After Tenji was arrested, in that evening, Woods received the news that Mapetla was died as he hang himself. Biko asked for the inquest and he received it. Wilfred Cooper agreed to represent Mapetaa’s family and biko. The main witness at the inquest was Tenjy. She was questioned about her thoughts of the death of Mapetla. She showed the judges about the torture that she and Mapetla received from the police. Albeit at the end, the judge still concluded that “The inquest finds that blame for Mapetla Mohapi’s death can be fixed on non one. The inquest closed.”
Even after Mapetla died, Biko still decided to go to Cape town. He was arrested by the police as he stepped out of his banning area. Six days later, the police drove a car through a forest to Walmer police station. In the car, there was an motionless body of Biko. The doctor arrived and examined the body. “The body was covered with bruises, the forehead and eyes seriously injured. There were cuts on his chest and lips.

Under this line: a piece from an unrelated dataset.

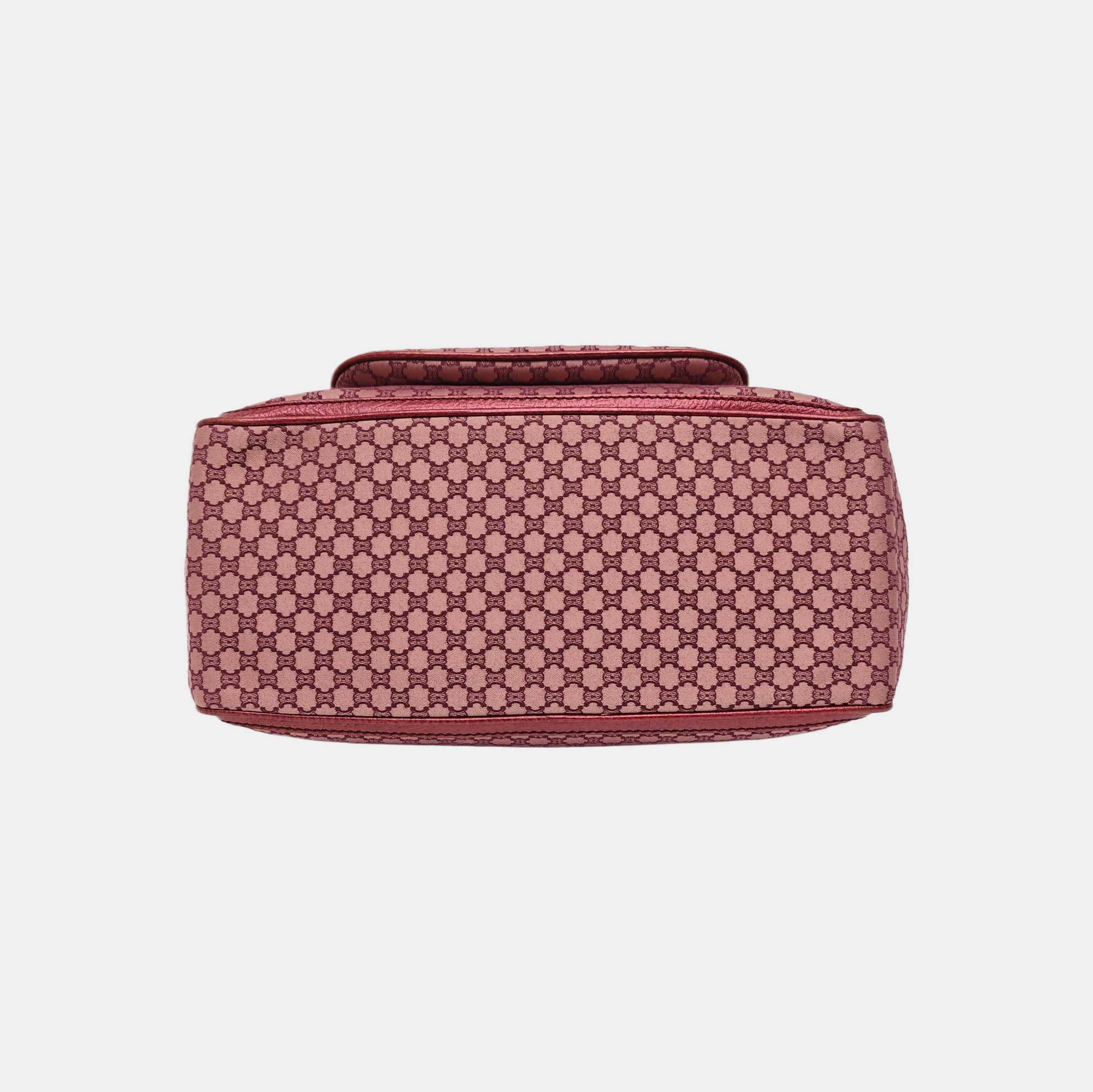 BOOGIE Canvas Red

The doctor examined the prisoner’s eyes: he was deeply unconscious. The doctor lifted one arm; it fell back lifelessly. I was obvious that a doctor should have seen the prisoner much sooner. ”

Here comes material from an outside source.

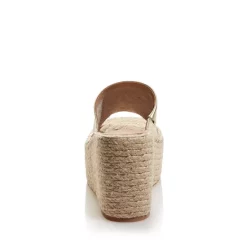 Budget 😀 AQUA Women's Jacy Platform Wedge Slide Sandals - 100% Exclusive Gold Leather 😍 10 Budget 😀 AQUA Women's Jacy Platform Wedge Slide Sandals - 100% Exclusive Gold Leather 😍 -AQUA Elegant shop unnamed file 4201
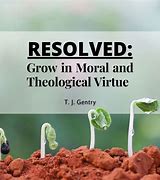 Image result for Moral and Theological Virtues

Despite a severe injury, the police did not consider sending Biko to a nearby hospital for a palliation. As the result, Steve Biko was died. It shook the whole country.

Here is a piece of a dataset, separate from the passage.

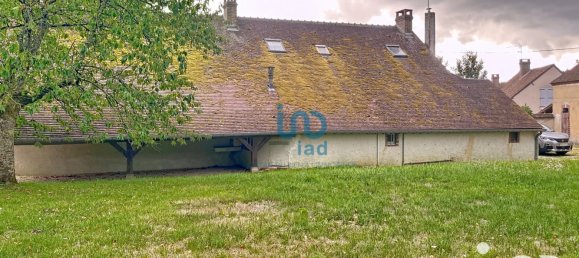 Casa de 4 dormitorios en Amilly, France No. 323942 15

Unable to watch the unjust situation in South Africa, Woods wrote something about Steve Biko and wanted to publish the photo of the dead body of Steve Biko. At the end, he realized that what he wrote was about Biko’s ideas. However, Woods was not able to write peacefully as he now became a banned person as well. He was banned to meet with more than one person at a time, except for members of his family for five years. He was also forbidden to enter any printing offices of any kind. However, Mr. Woods still determined to write a book. With the help of his daughter, he was able to finish writing it.
Albeit, Woods could not publish it. He had a lot of arguments with his wife whenever he talked about the publication of his books. His wife were afraid of the security of the family, whereas Woods wanted to demand for justice for Steve Biko and Mapetla. However, at the end of the day, Wendy supported the idea of publishing the book as the police used a cheap trick by putting the poison powder on the t-shirt and Jane wore it and it slightly injured his eyes.
In order to publish the book, Woods used a trick to deceived the minders. He disguised himself as a priest and went to Lesotho. With the help of the neighboring country, he was able to escape and published the book.